■ TASK:
A verbatim reproduction of every entry is the expected answer.

■ INPUT FOR THIS TASK:
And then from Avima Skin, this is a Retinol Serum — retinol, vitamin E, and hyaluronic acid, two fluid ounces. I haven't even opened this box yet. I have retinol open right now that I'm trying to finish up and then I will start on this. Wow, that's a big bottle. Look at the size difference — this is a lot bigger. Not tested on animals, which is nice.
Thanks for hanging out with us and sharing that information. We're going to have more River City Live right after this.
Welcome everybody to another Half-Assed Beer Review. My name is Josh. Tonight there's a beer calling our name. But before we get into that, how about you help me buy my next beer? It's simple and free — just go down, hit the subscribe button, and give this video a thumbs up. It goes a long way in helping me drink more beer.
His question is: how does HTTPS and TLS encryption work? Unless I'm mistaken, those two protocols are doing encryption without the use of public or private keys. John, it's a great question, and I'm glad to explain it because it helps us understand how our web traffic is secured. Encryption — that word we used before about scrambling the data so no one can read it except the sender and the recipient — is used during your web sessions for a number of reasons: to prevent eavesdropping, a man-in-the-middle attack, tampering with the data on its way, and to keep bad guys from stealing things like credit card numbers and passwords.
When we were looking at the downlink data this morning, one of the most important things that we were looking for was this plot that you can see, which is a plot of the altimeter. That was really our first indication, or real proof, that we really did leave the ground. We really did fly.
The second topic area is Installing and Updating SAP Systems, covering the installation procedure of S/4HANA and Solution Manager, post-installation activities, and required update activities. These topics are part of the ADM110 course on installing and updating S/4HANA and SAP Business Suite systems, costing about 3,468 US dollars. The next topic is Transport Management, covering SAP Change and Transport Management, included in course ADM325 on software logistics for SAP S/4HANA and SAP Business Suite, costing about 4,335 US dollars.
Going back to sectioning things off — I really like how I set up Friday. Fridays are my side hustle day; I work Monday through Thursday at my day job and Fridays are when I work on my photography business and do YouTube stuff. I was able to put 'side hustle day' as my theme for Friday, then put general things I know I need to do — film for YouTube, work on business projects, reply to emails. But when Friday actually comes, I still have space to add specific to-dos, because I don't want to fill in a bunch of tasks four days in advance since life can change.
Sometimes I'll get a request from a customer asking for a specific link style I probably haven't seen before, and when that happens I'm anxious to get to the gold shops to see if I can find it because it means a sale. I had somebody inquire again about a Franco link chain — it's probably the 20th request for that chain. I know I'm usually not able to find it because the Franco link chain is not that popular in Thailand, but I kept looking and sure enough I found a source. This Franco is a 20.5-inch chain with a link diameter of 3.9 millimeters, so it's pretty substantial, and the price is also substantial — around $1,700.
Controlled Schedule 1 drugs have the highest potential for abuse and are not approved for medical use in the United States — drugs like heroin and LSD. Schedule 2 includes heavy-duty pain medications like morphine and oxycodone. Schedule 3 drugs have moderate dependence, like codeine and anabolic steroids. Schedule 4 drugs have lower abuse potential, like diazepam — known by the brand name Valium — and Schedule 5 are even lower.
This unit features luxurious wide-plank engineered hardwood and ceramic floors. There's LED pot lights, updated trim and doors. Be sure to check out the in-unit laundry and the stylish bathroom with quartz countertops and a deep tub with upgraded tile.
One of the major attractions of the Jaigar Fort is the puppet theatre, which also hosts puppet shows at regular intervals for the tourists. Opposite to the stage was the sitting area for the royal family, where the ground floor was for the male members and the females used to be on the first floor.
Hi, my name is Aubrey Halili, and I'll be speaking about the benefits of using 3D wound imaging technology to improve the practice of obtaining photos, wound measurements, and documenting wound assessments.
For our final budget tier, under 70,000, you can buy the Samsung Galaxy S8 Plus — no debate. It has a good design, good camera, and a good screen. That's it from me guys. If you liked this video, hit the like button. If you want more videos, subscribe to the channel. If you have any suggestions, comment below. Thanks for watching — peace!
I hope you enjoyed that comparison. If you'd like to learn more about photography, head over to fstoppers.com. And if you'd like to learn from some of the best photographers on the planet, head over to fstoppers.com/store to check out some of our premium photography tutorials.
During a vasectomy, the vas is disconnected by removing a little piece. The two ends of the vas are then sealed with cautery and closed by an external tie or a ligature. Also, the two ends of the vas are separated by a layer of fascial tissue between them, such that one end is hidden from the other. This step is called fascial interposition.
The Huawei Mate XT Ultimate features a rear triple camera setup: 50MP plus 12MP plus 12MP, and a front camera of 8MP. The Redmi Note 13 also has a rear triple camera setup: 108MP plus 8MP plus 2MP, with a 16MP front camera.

■ REPLY TO THE EXERCISE:
And then from Avima Skin, this is a Retinol Serum — retinol, vitamin E, and hyaluronic acid, two fluid ounces. I haven't even opened this box yet. I have retinol open right now that I'm trying to finish up and then I will start on this. Wow, that's a big bottle. Look at the size difference — this is a lot bigger. Not tested on animals, which is nice.
Thanks for hanging out with us and sharing that information. We're going to have more River City Live right after this.
Welcome everybody to another Half-Assed Beer Review. My name is Josh. Tonight there's a beer calling our name. But before we get into that, how about you help me buy my next beer? It's simple and free — just go down, hit the subscribe button, and give this video a thumbs up. It goes a long way in helping me drink more beer.
His question is: how does HTTPS and TLS encryption work? Unless I'm mistaken, those two protocols are doing encryption without the use of public or private keys. John, it's a great question, and I'm glad to explain it because it helps us understand how our web traffic is secured. Encryption — that word we used before about scrambling the data so no one can read it except the sender and the recipient — is used during your web sessions for a number of reasons: to prevent eavesdropping, a man-in-the-middle attack, tampering with the data on its way, and to keep bad guys from stealing things like credit card numbers and passwords.
When we were looking at the downlink data this morning, one of the most important things that we were looking for was this plot that you can see, which is a plot of the altimeter. That was really our first indication, or real proof, that we really did leave the ground. We really did fly.
The second topic area is Installing and Updating SAP Systems, covering the installation procedure of S/4HANA and Solution Manager, post-installation activities, and required update activities. These topics are part of the ADM110 course on installing and updating S/4HANA and SAP Business Suite systems, costing about 3,468 US dollars. The next topic is Transport Management, covering SAP Change and Transport Management, included in course ADM325 on software logistics for SAP S/4HANA and SAP Business Suite, costing about 4,335 US dollars.
Going back to sectioning things off — I really like how I set up Friday. Fridays are my side hustle day; I work Monday through Thursday at my day job and Fridays are when I work on my photography business and do YouTube stuff. I was able to put 'side hustle day' as my theme for Friday, then put general things I know I need to do — film for YouTube, work on business projects, reply to emails. But when Friday actually comes, I still have space to add specific to-dos, because I don't want to fill in a bunch of tasks four days in advance since life can change.
Sometimes I'll get a request from a customer asking for a specific link style I probably haven't seen before, and when that happens I'm anxious to get to the gold shops to see if I can find it because it means a sale. I had somebody inquire again about a Franco link chain — it's probably the 20th request for that chain. I know I'm usually not able to find it because the Franco link chain is not that popular in Thailand, but I kept looking and sure enough I found a source. This Franco is a 20.5-inch chain with a link diameter of 3.9 millimeters, so it's pretty substantial, and the price is also substantial — around $1,700.
Controlled Schedule 1 drugs have the highest potential for abuse and are not approved for medical use in the United States — drugs like heroin and LSD. Schedule 2 includes heavy-duty pain medications like morphine and oxycodone. Schedule 3 drugs have moderate dependence, like codeine and anabolic steroids. Schedule 4 drugs have lower abuse potential, like diazepam — known by the brand name Valium — and Schedule 5 are even lower.
This unit features luxurious wide-plank engineered hardwood and ceramic floors. There's LED pot lights, updated trim and doors. Be sure to check out the in-unit laundry and the stylish bathroom with quartz countertops and a deep tub with upgraded tile.
One of the major attractions of the Jaigar Fort is the puppet theatre, which also hosts puppet shows at regular intervals for the tourists. Opposite to the stage was the sitting area for the royal family, where the ground floor was for the male members and the females used to be on the first floor.
Hi, my name is Aubrey Halili, and I'll be speaking about the benefits of using 3D wound imaging technology to improve the practice of obtaining photos, wound measurements, and documenting wound assessments.
For our final budget tier, under 70,000, you can buy the Samsung Galaxy S8 Plus — no debate. It has a good design, good camera, and a good screen. That's it from me guys. If you liked this video, hit the like button. If you want more videos, subscribe to the channel. If you have any suggestions, comment below. Thanks for watching — peace!
I hope you enjoyed that comparison. If you'd like to learn more about photography, head over to fstoppers.com. And if you'd like to learn from some of the best photographers on the planet, head over to fstoppers.com/store to check out some of our premium photography tutorials.
During a vasectomy, the vas is disconnected by removing a little piece. The two ends of the vas are then sealed with cautery and closed by an external tie or a ligature. Also, the two ends of the vas are separated by a layer of fascial tissue between them, such that one end is hidden from the other. This step is called fascial interposition.
The Huawei Mate XT Ultimate features a rear triple camera setup: 50MP plus 12MP plus 12MP, and a front camera of 8MP. The Redmi Note 13 also has a rear triple camera setup: 108MP plus 8MP plus 2MP, with a 16MP front camera.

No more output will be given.